KAYAHAN USTA YİNE DÜMENE GEÇTİ VE KONUŞTU: BU FIRTINADA DENİZE ÇIKAN DELİDİR!
Yeni bir Kayahan albümü daha raflarda. ?Fırtınalı bir deniz?e benzettiği müzik piyasasında albüm çıkarma nedeni ise küçük kızı: Büyük kızım benim bütün müzik serüvenimi izledi, küçük kızımın da buna hakkı vardı.
Kayahan, Sabah Gazetesinin başarılı röpartaj muhabiri Şirin Sever'e konuştu... Evinin kapılarını uzun aradan sonra aralayan açtı...
Uzun, çok uzun telefon konuşmalarının sonrasında buluşuyoruz Kayahan'la. Tek şartı var çünkü; Nilüfer'le ilgili soru sorulmayacak! Acarken'teki evinde karşı karşıya geldiğimizde ısrar ediyorum yeniden, ikna edemiyorum! Duvardaki saate bakıyor, "Madem neler olduğunu merak ediyorsunuz, anlatayım ama teybi açmayın ve yazmayın" diyor. Nilüfer'e ne zaman kırıldığını, ona neden 'şarkılarımı söyleme' dediğini, aralarında geçenleri... Bir bir, sahne sahne anlatıyor. Tam 34 dakika sürüyor! Sonra fotoğraf çekmek için bahçeye! "Ben çim biçme makinesine atlayayım, kızım sen de akülü arabana bin" diyor. İşi biliyor yani. Fotoğraf çekme işlemimiz Kayahan sayesinde rengarenk bir şova dönüşüyor. Konuşmaya devam... Bu kez teybimiz açık; 'en iyi şarkılarım' dediği, son göz ağrısı 'Biriciğim'e' albümünü anlatıyor. İçinde yine klasik olmaya aday 'o' Kayahan şarkıları var. Yıllarca dinlenen, asla eskimeyen, 'Geceler', 'Esmer Günler', 'Odalarda Işıksızım' tadında unutulmayacak şarkılar... Söz ve müzik: Yine Kayahan!

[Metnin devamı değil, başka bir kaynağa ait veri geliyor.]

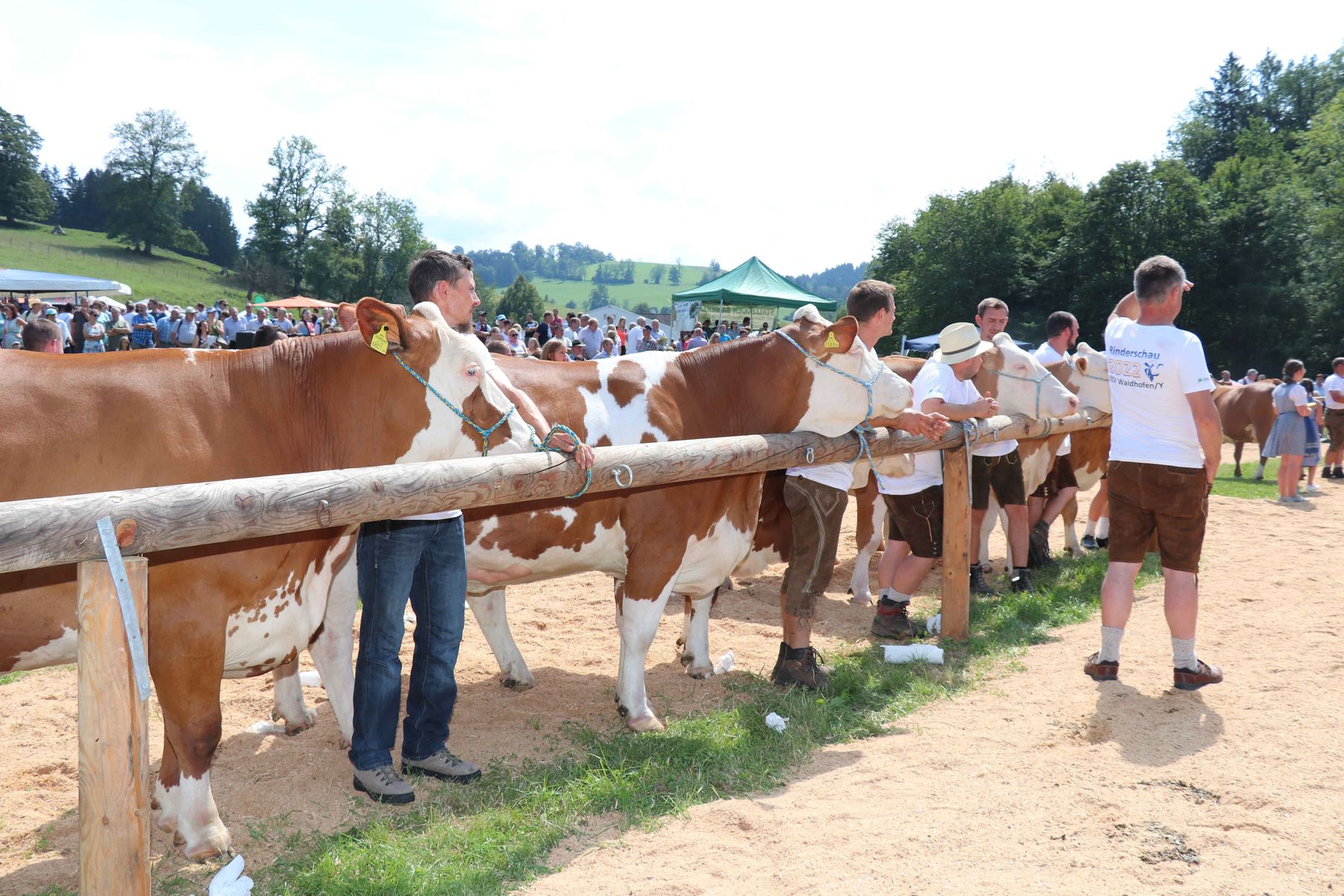© Paula Pöchlauer-Kozel/LK Niederösterreich © Paula Pöchlauer-Kozel/LK Niederösterreich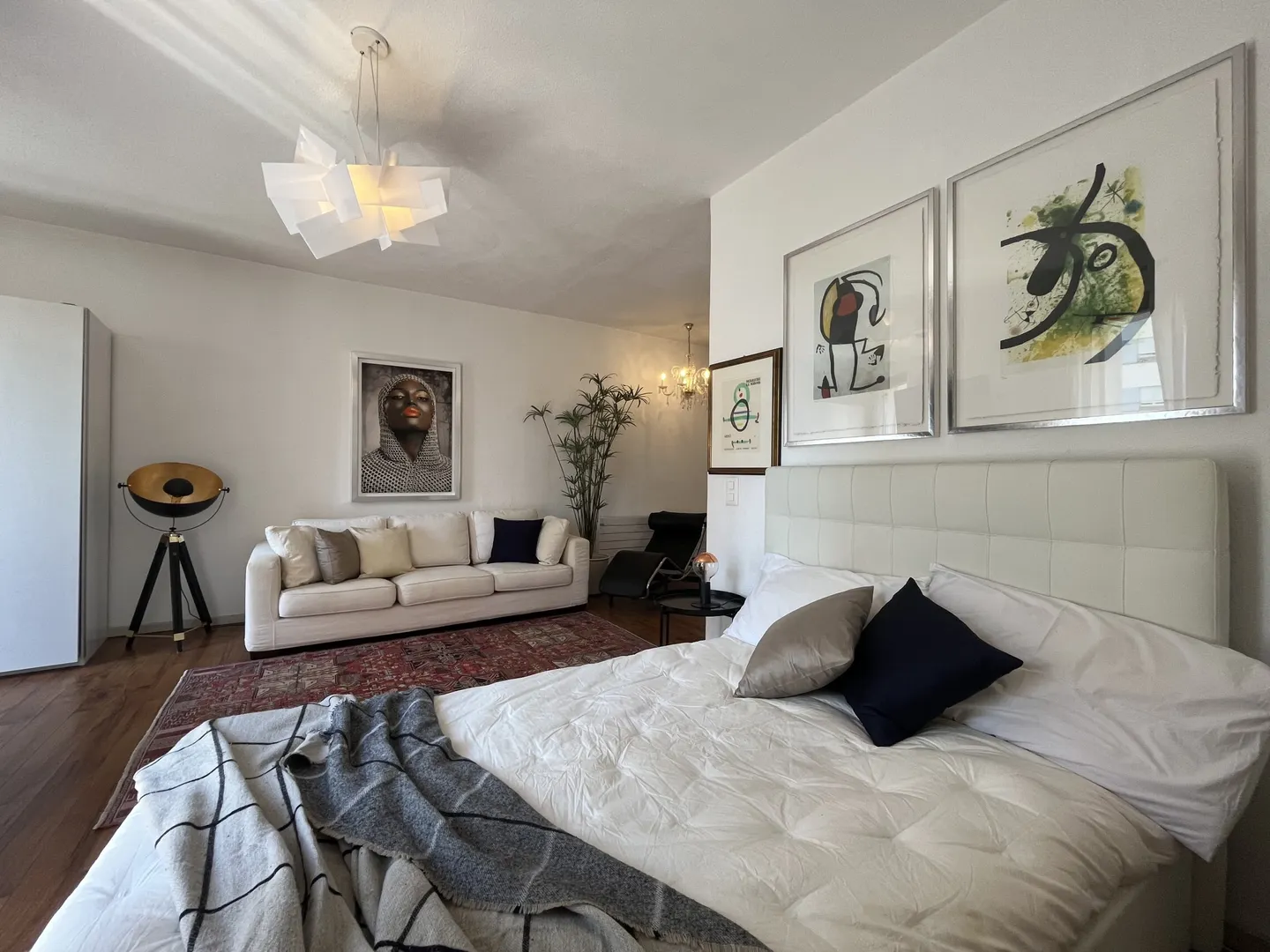 DESIGN OPEN-SPACE ATTIC FOR RENT IN MASSAGNO - Photo 6 of 9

Her zaman olduğu gibi noktasından virgülüne onun eseri şarkılar. Tam iki yıl iki ay sancılar çekerek yazdığı, "Benim hala söyleyecek sözüm var" diyerek, fırtınalı denize benzettiği bu piyasa koşulları içinde çıkardığı albümünü ondan iyi kim anlatabilir? Ben aradan çekiliyorum, söz onda: Bu şarkılar, yürürken, ıslık çalarken ya da komşuyla sohbet ederken anlaşılacak şarkılar değil. Bu şarkıların yalnızlığa ihtiyacı var çünkü yalnız yazıldılar. Onlar sizinle arkadaş olabilir ama üçüncü bir arkadaşı hiç kaldıramazlar. Sadece siz ve o şarkılar olursa çok güzel diyalog kurabilirsiniz, çünkü kıskançtırlar. Alanlar helal etsinler, tüm samimiyetimle söylüyorum; kötü olduğunu düşünsem bu albümü piyasaya çıkarmazdım...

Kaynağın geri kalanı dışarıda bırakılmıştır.